=== Data extract ===
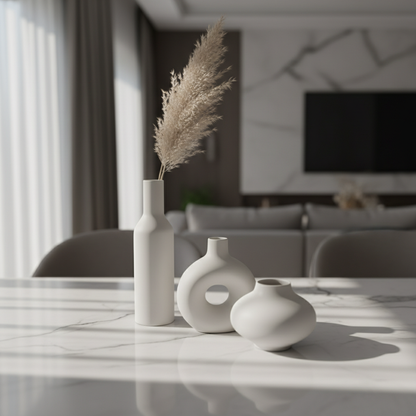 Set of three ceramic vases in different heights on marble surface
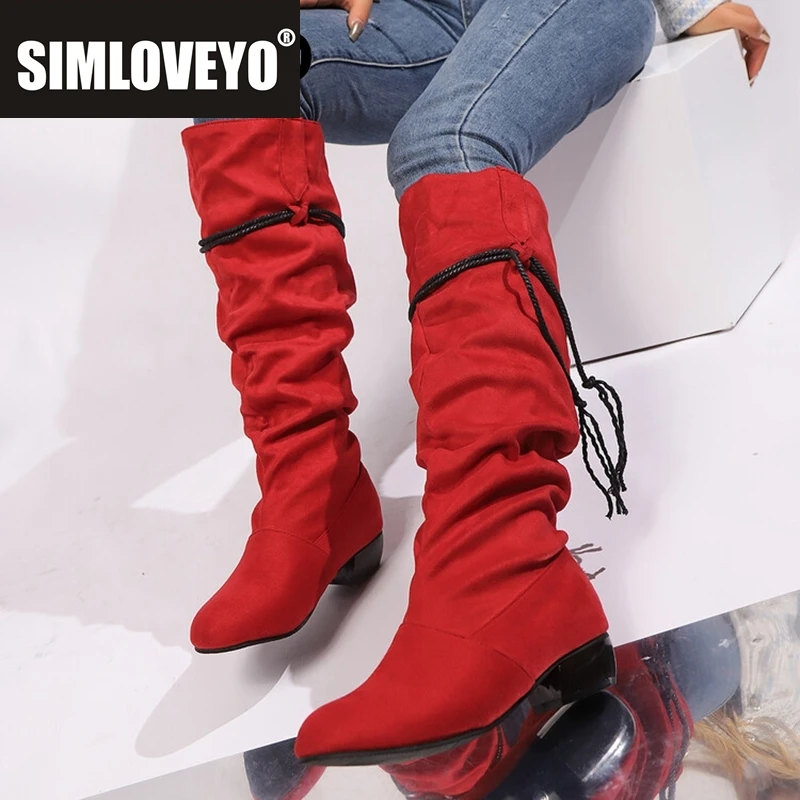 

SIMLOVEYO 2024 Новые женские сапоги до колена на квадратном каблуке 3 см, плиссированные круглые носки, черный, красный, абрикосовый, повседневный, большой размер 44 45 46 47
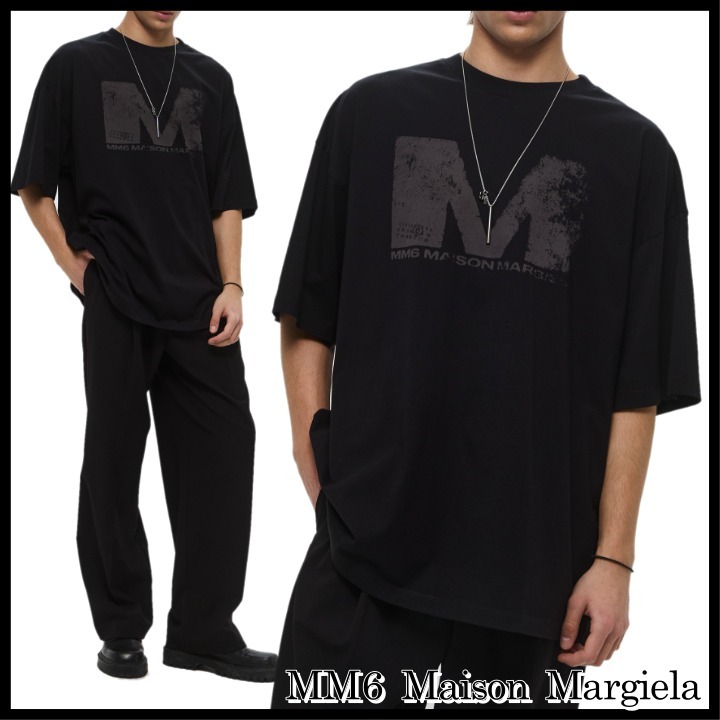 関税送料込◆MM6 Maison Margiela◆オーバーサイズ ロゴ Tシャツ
===
=== Data extract ===
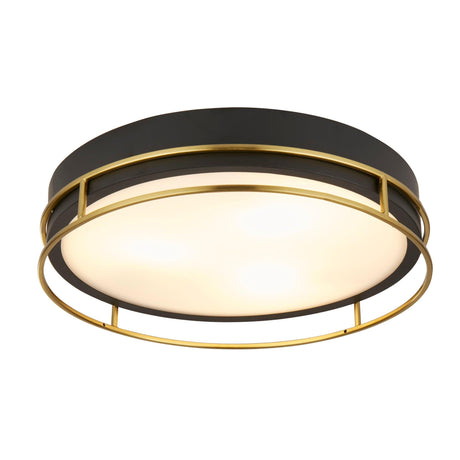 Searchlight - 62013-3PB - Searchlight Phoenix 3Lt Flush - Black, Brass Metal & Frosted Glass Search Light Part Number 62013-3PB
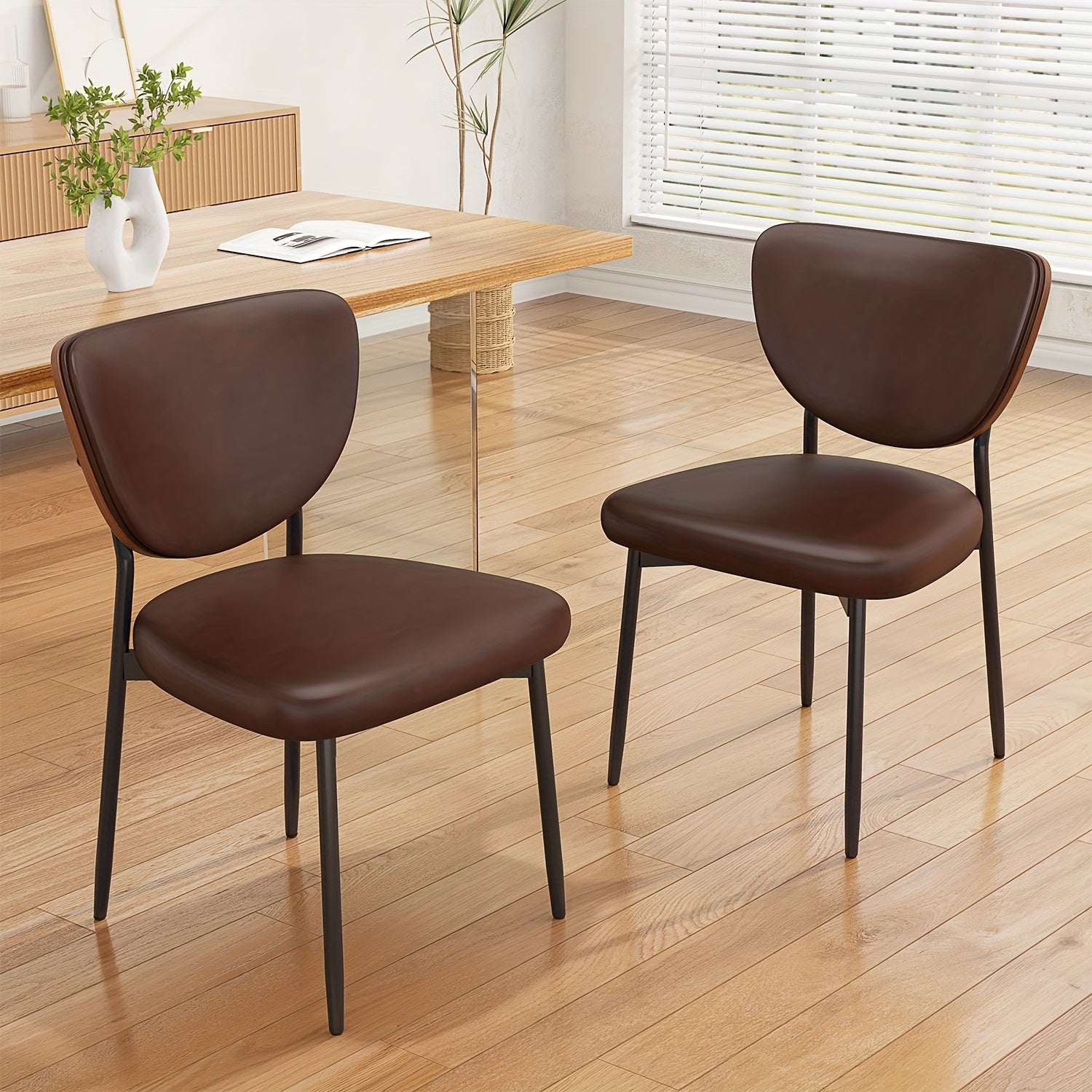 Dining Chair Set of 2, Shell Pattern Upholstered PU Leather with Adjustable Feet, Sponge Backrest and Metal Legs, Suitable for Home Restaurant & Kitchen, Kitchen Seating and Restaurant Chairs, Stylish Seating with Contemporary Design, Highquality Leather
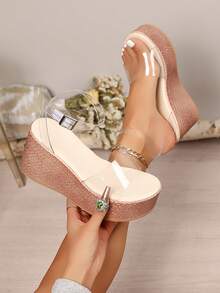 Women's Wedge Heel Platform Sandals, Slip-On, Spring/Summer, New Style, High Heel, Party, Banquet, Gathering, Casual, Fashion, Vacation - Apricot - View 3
===
Exercise directions: Beginning with the line above that has "Searchlight - 62013-3PB" and going on through the line that has "Women's Wedge Heel", retype every line exactly and add nothing else; drop the pictures.

Solution for this problem:
 Searchlight - 62013-3PB - Searchlight Phoenix 3Lt Flush - Black, Brass Metal & Frosted Glass Search Light Part Number 62013-3PB
 Dining Chair Set of 2, Shell Pattern Upholstered PU Leather with Adjustable Feet, Sponge Backrest and Metal Legs, Suitable for Home Restaurant & Kitchen, Kitchen Seating and Restaurant Chairs, Stylish Seating with Contemporary Design, Highquality Leather
 Women's Wedge Heel Platform Sandals, Slip-On, Spring/Summer, New Style, High Heel, Party, Banquet, Gathering, Casual, Fashion, Vacation - Apricot - View 3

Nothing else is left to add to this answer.